As usual, there is massive social pleasure to the gathering, old friends and new, ironic and polar opposite to the knee jerk ignorance of the electorate sheep where here bands and fans from all over Europe and beyond are happy and celebrant in the melting pot that London already is. Among many chats I meet a guy from Transylvania who vouches for the country’s own continued existence despite being absorbed into Romania a long time back and experiencing all kinds of so-far-left-its-right wing suffering under Ceausescu. “Sounds just like Wales, mate”. Ultimately all borders dissolve as there is European unity with purpose found here in supporting the scene, and enjoying all it brings. Including Seitan burgers and cheap merch and the fact that this years benefit the whole event is run for is Antifascist Action.
A morning person gets us up in the morning, and in no way revived we head out for another little cultural interlude and opportunity of temporary salvation. My friend Rebecca (formerly of Science) invites us on a bus ride down the road to a free lunchtime concert at the Union Chapel in Highgate. A glorious setting (I think their definition of chapel varies massively from the Welsh versions, the Southern show-offs) but the world music/ambient and general silent homage goes down badly with some wannabe drunken sinners accompanying me, especially when their Slayer ring-tone goes off. I catch up with them on the crawl back north flying high at the Shite Wwan, we enjoy hanging out the back at The Famous Cock, The Coronet is hardly our crowning achievement, crucified again at the Oak and Pastor, and the only hand I see at the Aces and Eights is pointing at the 70’s porn on the wall. The venue is still quiet for the first band of this early evening, Semi, and while there’s a fair bit of energy put into their show from the spazzing out singer I’m not overly into this kind of Swanky’s style noise-punk. More atune with my feelings are France’s Lust for Death, with their excellent combination of filthy crust and more epic post-metal structures, bringing to mind the heady days of early Neurosis. Next up it’s another anticipated highlight delivered in spades, Contorture (below) from Sweden. Four crusty ladies ripping through a set of short blasts of radical punk, almost edging into grind territory, with a fantastic violent edge to their sound and some intense drumming.
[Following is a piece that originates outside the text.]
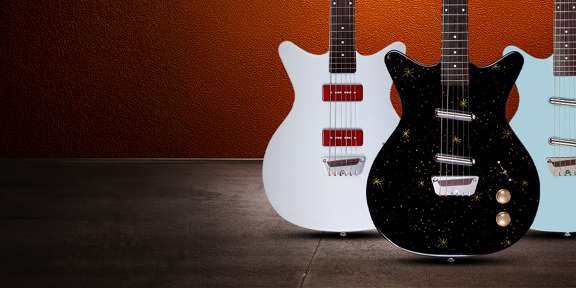 DANO Electrics: Now at Guitar Center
Through the haze and the joy though the serious, almost resigned between song introductions and dis-courses by the singer really cut through. This includes pointing out that while yes, they are female, why should that be the first thing they are judged and commented on? There’s no need to say “the all-male band”. I am always pleased to see females in bands, yeah not rising above my base instincts all the time, corrupted by Jo Bench at an early age, but also from experience the passion and rage channelled through the music is universal, and in terms of equality the representation here, on stage and off, is maybe both deliberate and hopefully naturally fair. For me that representation is if anything a form of union between the sexes in this joyous middle ground of music with meaning, getting over divides same as we are with borders. A simple test of how we are getting along is where I find an abandoned bunch of flowers and randomly select a lady to give them too, she doesn’t give me a slap but says it was “lovely” and had cheered her up. There is also the theme expanded with the pieces in the fanzines and the stall of “love sex, hate sexism” merch (though I’m not sure me and Ste wearing the logo panties did anything for either sex) and as I said at the start, the fact that thought is provoked amidst the party chaos is testament to the whole motivation behind the event.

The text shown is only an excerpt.